(no title)
comex
|
26 days ago
If you already know where the start of the opening tag is, then I think a regex is capable of finding the end of that same opening tag, even in cases like yours. In that sense, it’s possible to use a regex to parse a single tag. What’s not possible is finding opening tags within a larger fragment of HTML.
kstrauser|26 days ago
You need a context-free grammar to correctly parse HTML with its quoting rules, and escaping, and embedded scripts and CDATA, etc. etc. etc.
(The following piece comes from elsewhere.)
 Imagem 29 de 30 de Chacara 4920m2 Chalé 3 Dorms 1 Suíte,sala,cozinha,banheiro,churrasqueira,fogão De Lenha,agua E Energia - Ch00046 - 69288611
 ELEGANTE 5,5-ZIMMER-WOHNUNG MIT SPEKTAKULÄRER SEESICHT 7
I don't think any common regex libraries are as powerful as CFGs.
Basically, you can get pretty far with regexes, but it's provably (like in a rigorous compsci kinda way) impossible to correctly parse all valid HTML with only regular expressions.
marcosdumay|26 days ago
DemocracyFTW2|25 days ago
This is what MDN (https://developer.mozilla.org/en-US/docs/Web/HTML/Guides/Com...) has to say:
Comments start with the string `<!--` and end with the string `-->`, generally with text in between. This text cannot start with the string `>` or `->`, cannot contain the strings `-->` or `--!>`, nor end with the string `<!-`, though `<!` is allowed. [...] The above is true for XML comments as well. In addition, in XML, such as in SVG or MathML markup, a comment cannot contain the character sequence `--`.
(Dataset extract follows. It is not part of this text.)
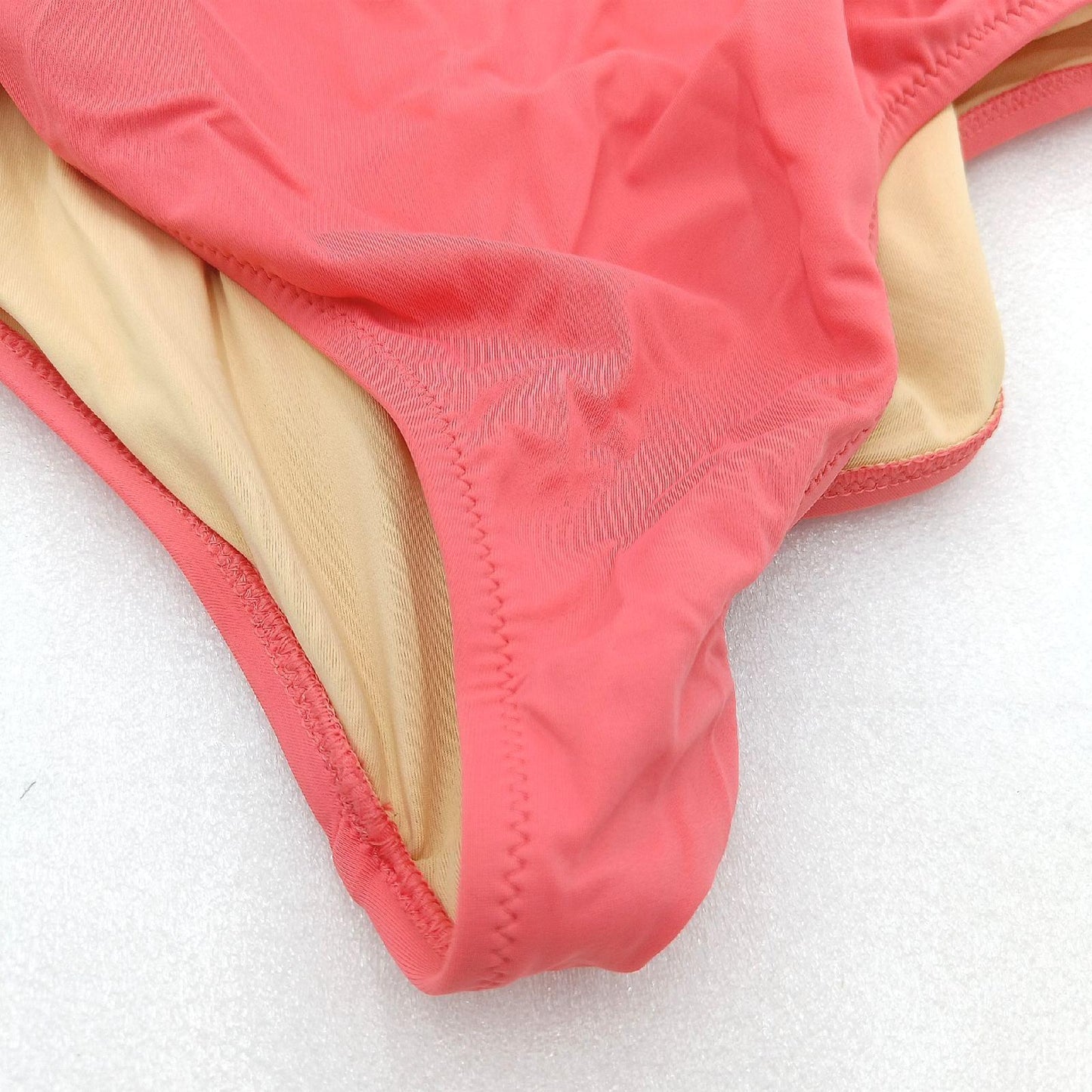 Amazon Essentials Badeanzug Damen Badebekleidung Lachsrosa Rundhalsausschnitt Komfort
Meaning that you can recognize HTML comments with (one branch of) a RegEx—you start wherever you see `<!--` and consume everything up to one of the listed alternatives. No nesting required.
Be it said that I find the precise rules too convoluted for what they do. Especially XML's prohibition on `--` in comments is ridiculous taken on its own. First you tell me that a comment ends with three characters `-->`, and then you tell me I can't use the specific substring `--`, either? And why can't I use `--!>`?
An interesting bit here is that AFAIK the `<!` syntax was used in SGML as one of the alternatives to write a 'lone tag', so instead of `<hr></hr>` or `<hr/>` (XHTML) or `<hr>` (HTML) you could write `<!hr>` to denote a tag with no content. We should have kept this IMO.
*EDIT* On the quoted HTML source you see things like `-—` (hyphen-minus, em-dash). This is how the Vivaldi DevTools render it; my text editor and HN comment system did not alter these characters. I have no idea whether Chrome's rendering engine internally uses these em-dashes or whether it's just a quirk in DevTool text output.